Maker: Director Products
Designer: D. W. Norwood
US Patent # 2,870,670
Price (new): $12.95
Measure type: calculator only
It's not a meter pe se, but it's a flash calculator and a step-above the simple cardboard wheels, so I thought I'd add it here. It's the sister to the Norwood Director Speedrite, which was designed to be used with electronic flash (aka speedlites). This one is meant for bulbs.
I hate bulbs. A lot of people (including me) are nostalgic for various things, but very few people miss flash-bulbs. They were slow, they were often awkward, they didn't always go off, they were finger-burning hot when they did, they broke if you dropped them, and in general were a pain in the ass. Plus there were a multitude of different kinds. Nothing was straightforward where bulbs were concerned. Speedlites were sooooo much nicer.
Both the Flashrite and Speedrites work on the novel idea of incorporating an actual rangefinder tool with a calculator. When you have to manually set up a flash, you need to know the camera sync speed, the guide number for your flash, and the distance between your flash and the subject. If you know those, you can compute the f/stop for your lens. Since most cameras at this time (early 50s) didn't have rangefinders, this tool made it a little easier to figure it out.

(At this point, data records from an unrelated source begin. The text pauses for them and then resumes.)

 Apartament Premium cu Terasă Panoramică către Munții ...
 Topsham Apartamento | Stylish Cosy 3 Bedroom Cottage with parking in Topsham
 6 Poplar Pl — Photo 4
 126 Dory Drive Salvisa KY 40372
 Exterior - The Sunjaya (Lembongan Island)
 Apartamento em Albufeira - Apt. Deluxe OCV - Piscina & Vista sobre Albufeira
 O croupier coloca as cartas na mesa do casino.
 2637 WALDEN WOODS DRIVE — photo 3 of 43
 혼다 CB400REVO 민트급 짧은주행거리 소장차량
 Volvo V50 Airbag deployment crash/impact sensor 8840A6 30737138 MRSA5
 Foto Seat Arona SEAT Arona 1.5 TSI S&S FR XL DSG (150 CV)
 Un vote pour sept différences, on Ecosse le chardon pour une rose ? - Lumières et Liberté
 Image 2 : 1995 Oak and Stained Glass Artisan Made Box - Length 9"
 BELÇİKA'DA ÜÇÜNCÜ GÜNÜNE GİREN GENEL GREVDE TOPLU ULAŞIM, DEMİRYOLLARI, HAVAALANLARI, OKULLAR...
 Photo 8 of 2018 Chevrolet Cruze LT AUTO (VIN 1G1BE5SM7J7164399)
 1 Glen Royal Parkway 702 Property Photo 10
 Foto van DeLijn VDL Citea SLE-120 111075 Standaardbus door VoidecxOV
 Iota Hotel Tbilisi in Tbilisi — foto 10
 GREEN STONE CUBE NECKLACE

The key word there is little. To use this thing you had to find the bulb you were using on the outer edge of the dial, and trace the curving tail down to the intersection between the shutter-sync speed orbit and the film-speed radial. Got that? Then you look through the range-finder and merge the images. Then it will tell you the f/stop to use.
I can see my uncle Doug, an engineer and hobbyist photographer, using this thing, but not my aunt. But then, Doug probably could have done the guide number math in his head faster than he could have set the calculator.
This was also sold by another company as the Flash-Mate. I suspect that Director Products dropped it and the other company bought the unsold inventory, but that's just speculation.
A similar (albiet better) meter is the Tower Flashometer. It's much easier to use and more compact.